*YOUR OBJECTIVE*. Below are lines of records; copy exactly those from the one containing "TURIN, ITALY - FEBRUARY" through the one containing "Shot Glass, 1.5oz", leaving the pictures behind.

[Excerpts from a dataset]

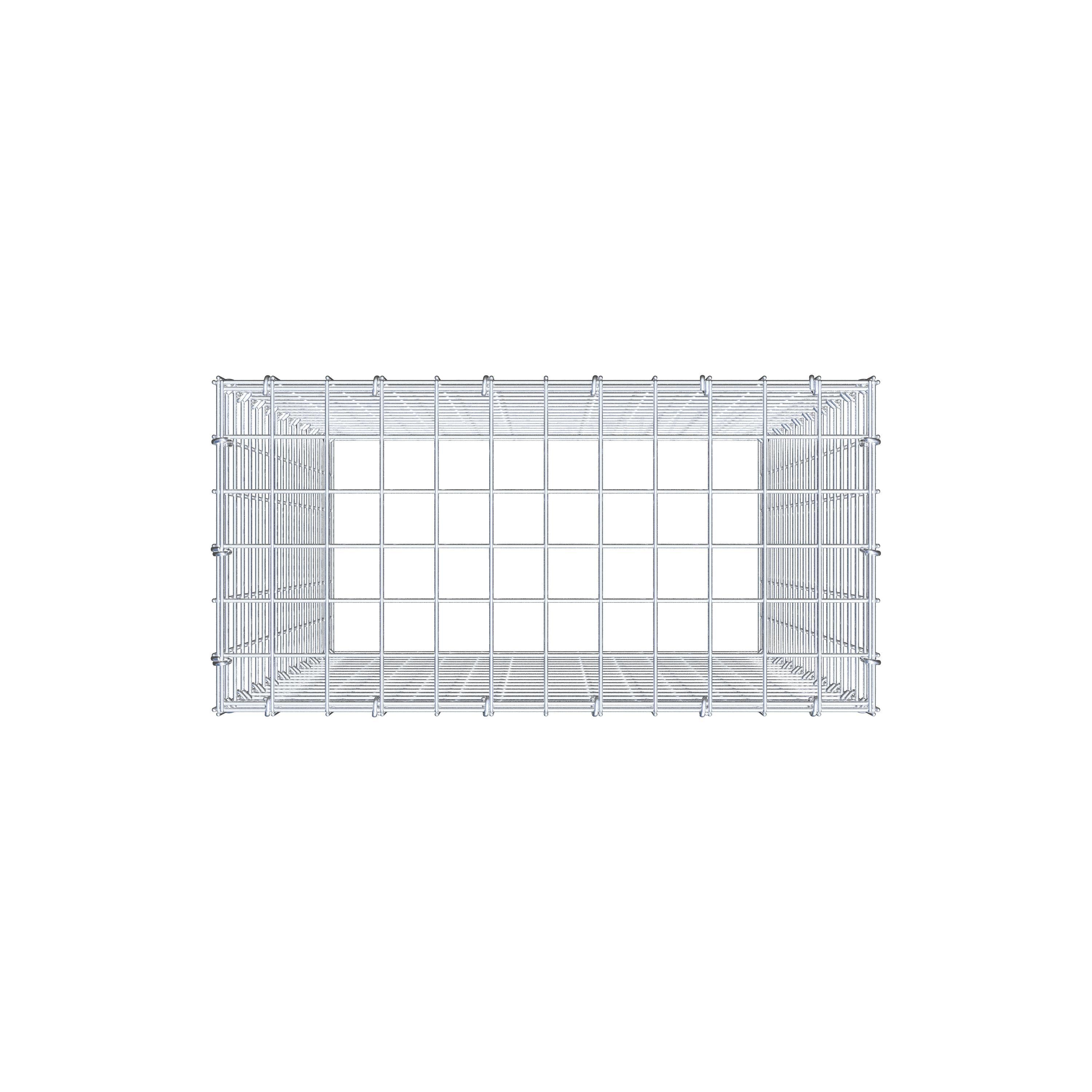 Typ 3 påbyggnadsgabion 100 cm x 60 cm x 30 cm (L x H x D), maskstorlek 5 cm x 5 cm, C-ring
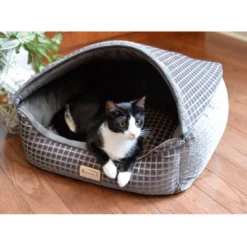 Armarkat Cuddle Cave Cat Bed With Detachable & Collasible Zipper Top, Removable Cushion Mat, C34HHG/SH, Bronze & Silver -PawHut Store GUEST d0254e70 88c1 42a3 a109 b181ba09b10b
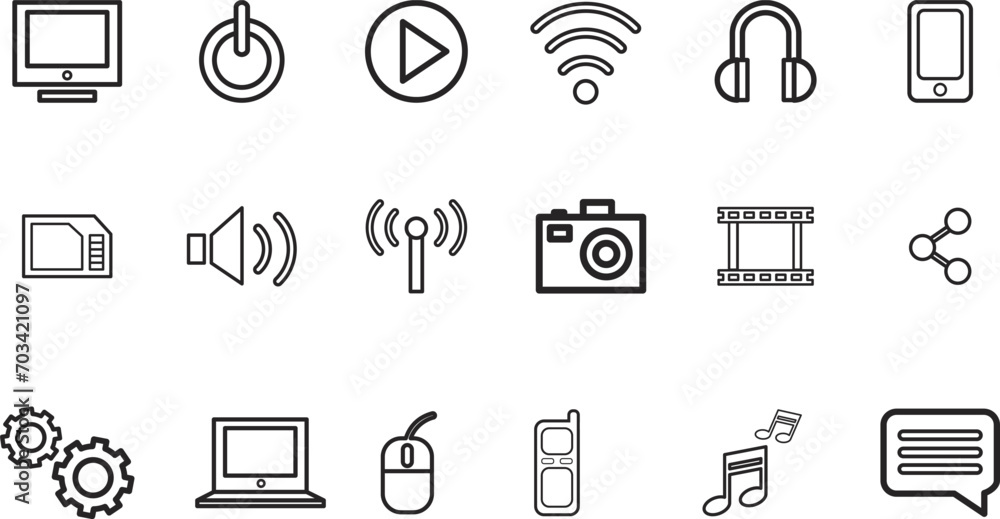 set of icons of digital device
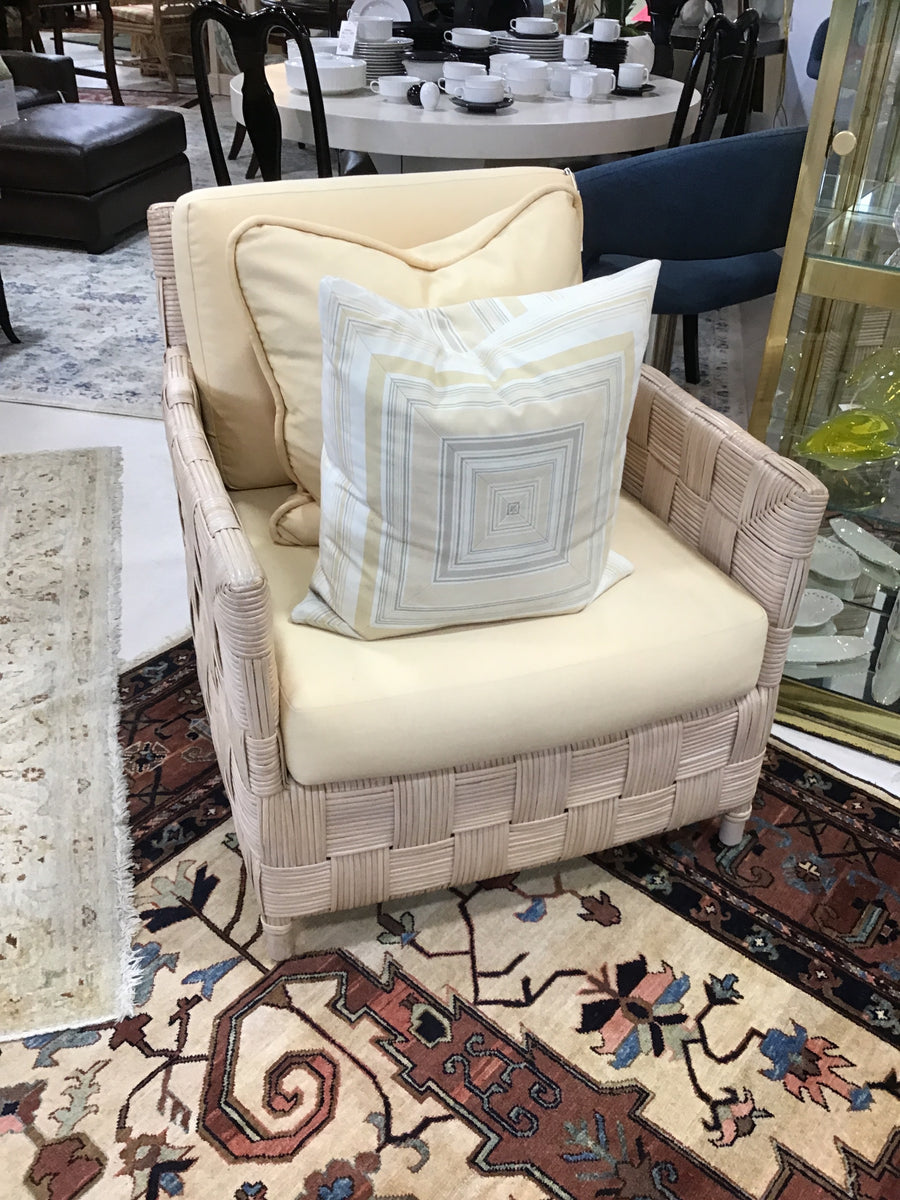 CHAIR WHITE WASH WOVEN BASKET WEAVE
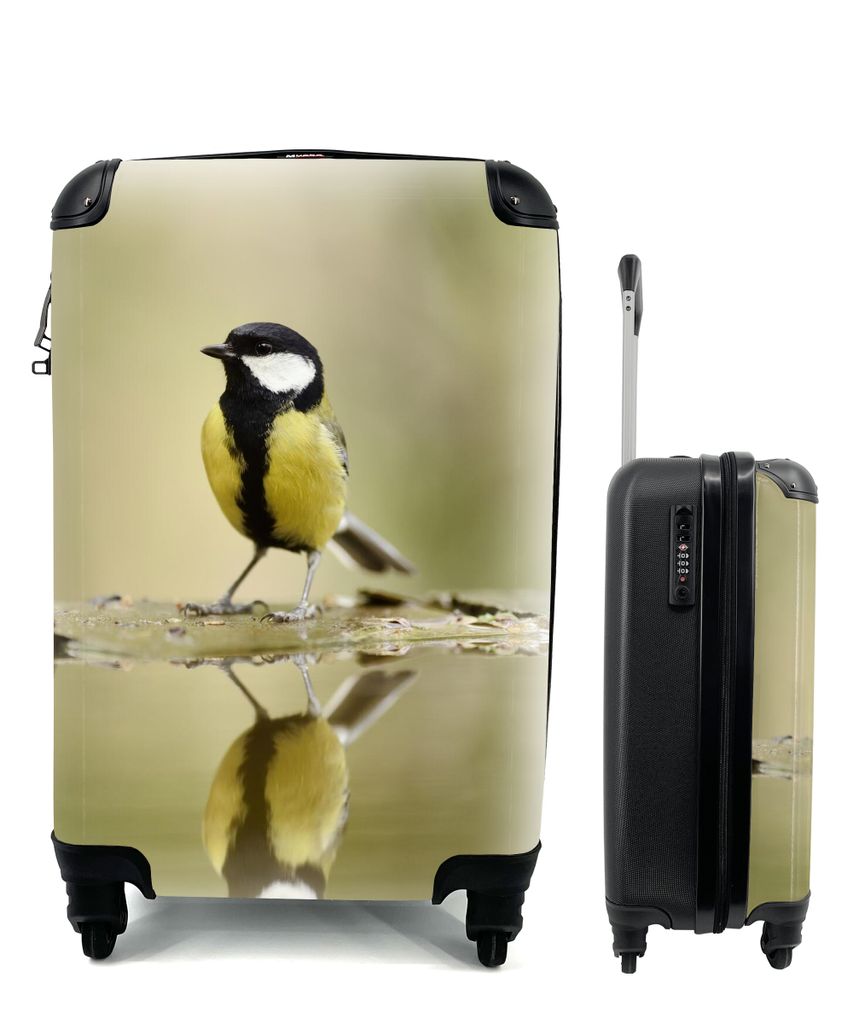 MuchoWow Koffer Handgepäck Trolley Rollkoffer Kleine Reisekoffer mit 4 Rollen - Große Meise spiegelt sich im Wasser - Cabin Size < 55x40x23 cm ...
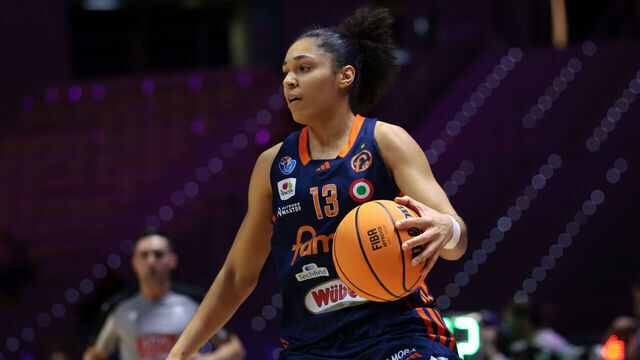 TURIN, ITALY - FEBRUARY 14: Janelle Illona Salaun of Famila Wuber Schio during the Frecciarossa Final Four Women's Coppa Italia Semi Final match between Famila Wuber Schio and La Molisana Magnolia Campobasso at INALPI Arena on February 14, 2025 in Turin, Italy.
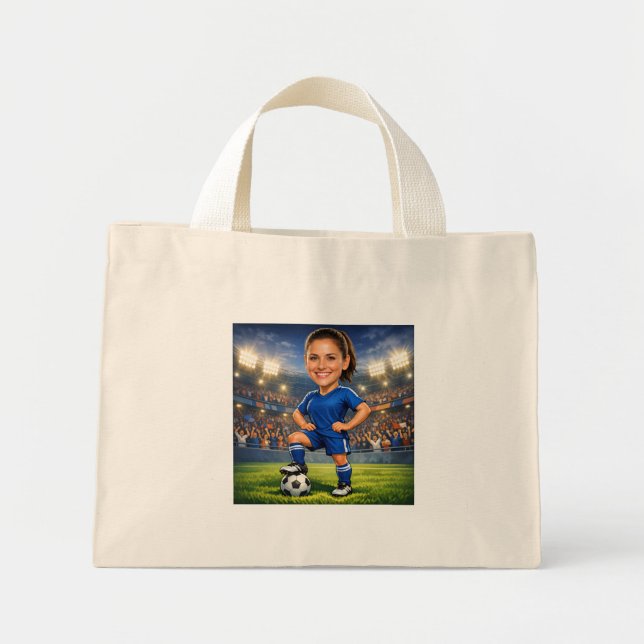 Bolsa Tote Mini Custom Photo-Face Soccer/Football Star Caricature  (Frente)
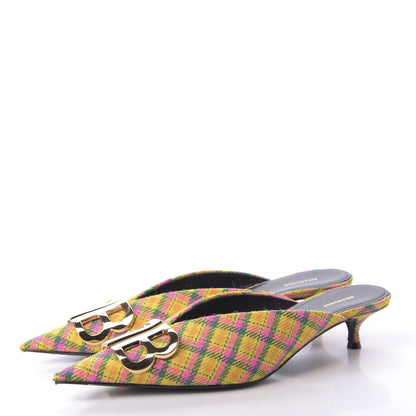 Balenciaga Tweed Plaid BB Knife Pointed Toe 40mm Mules 39 Jaune Rose Fluo 3 of 10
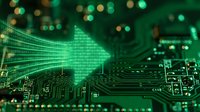 Digital arrow made of binary code on green circuit board background with glowing bokeh lights for technology and data transfer concepts.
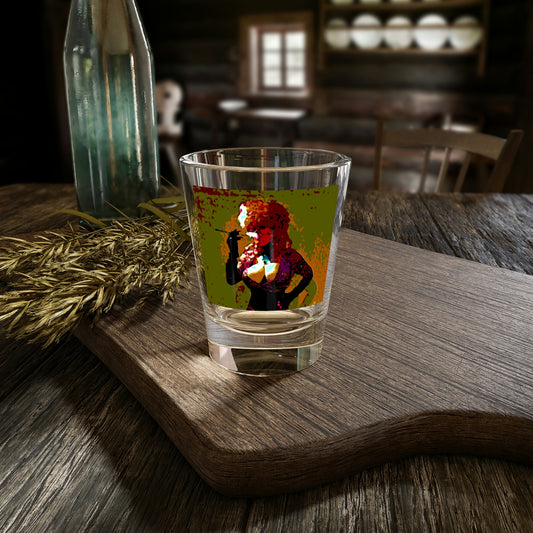 Shot Glass, 1.5oz ...  A Colleague Overseas ... 'Enjoying A Fag' ... Original Works ... "April Fools 2023" ... Hot-Tranny-Smoke ...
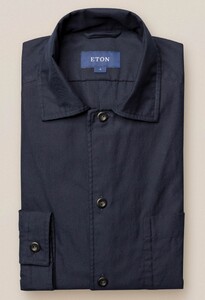 Eton 3-Pocket Turndown Twill Overshirt Dark Blue Extra Melange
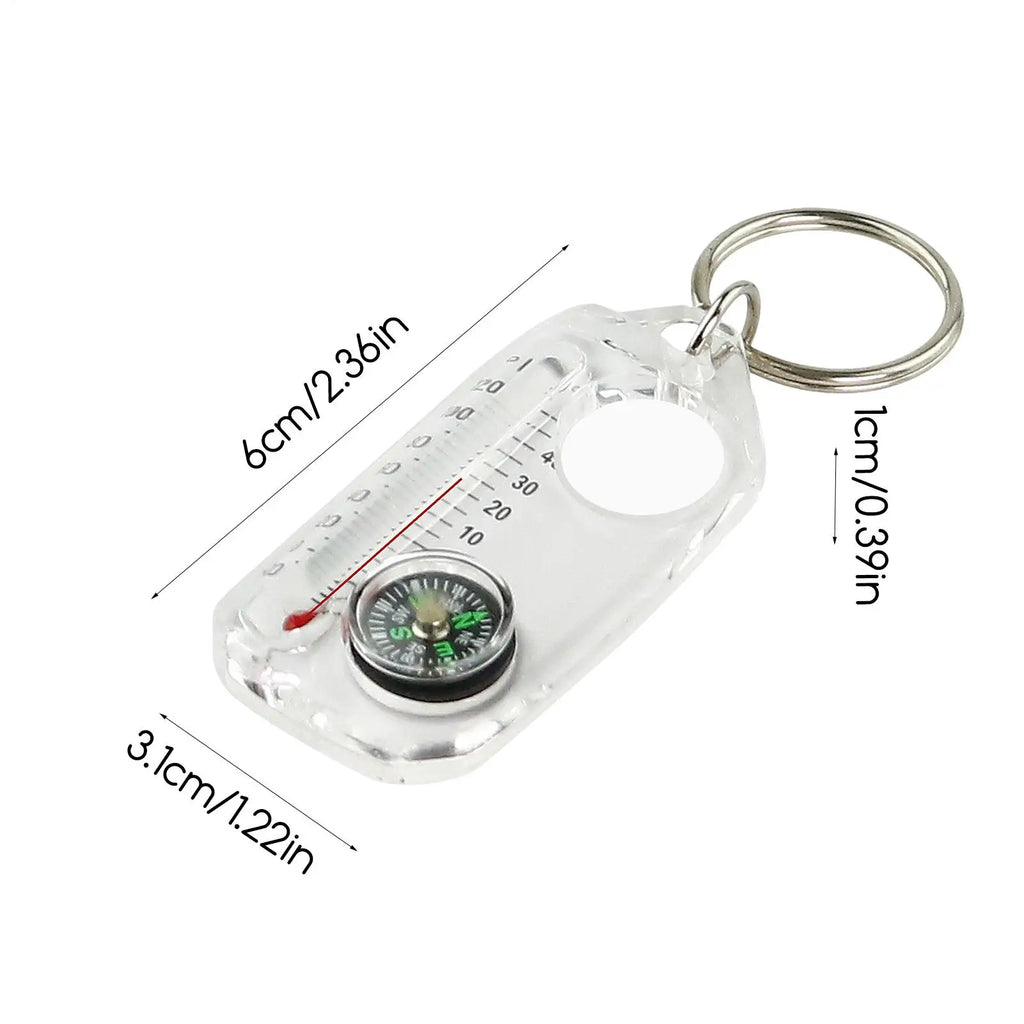 3-in-1 Mini Keychain Compass & Thermometer | Camping Tool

*TASK OUTPUT*.
 TURIN, ITALY - FEBRUARY 14: Janelle Illona Salaun of Famila Wuber Schio during the Frecciarossa Final Four Women's Coppa Italia Semi Final match between Famila Wuber Schio and La Molisana Magnolia Campobasso at INALPI Arena on February 14, 2025 in Turin, Italy.
 Bolsa Tote Mini Custom Photo-Face Soccer/Football Star Caricature  (Frente)
 Balenciaga Tweed Plaid BB Knife Pointed Toe 40mm Mules 39 Jaune Rose Fluo 3 of 10
 Digital arrow made of binary code on green circuit board background with glowing bokeh lights for technology and data transfer concepts.
 Shot Glass, 1.5oz ...  A Colleague Overseas ... 'Enjoying A Fag' ... Original Works ... "April Fools 2023" ... Hot-Tranny-Smoke ...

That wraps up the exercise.